» **EXERCISE GOAL**
Every line of the data should be output word for word.

[Opening COLLECTED MATERIAL section]

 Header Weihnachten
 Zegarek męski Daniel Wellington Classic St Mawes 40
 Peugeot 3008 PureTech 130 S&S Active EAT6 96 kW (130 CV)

[Closing COLLECTED MATERIAL section]

» **RESULT OF THE TASK**
 Header Weihnachten
 Zegarek męski Daniel Wellington Classic St Mawes 40
 Peugeot 3008 PureTech 130 S&S Active EAT6 96 kW (130 CV)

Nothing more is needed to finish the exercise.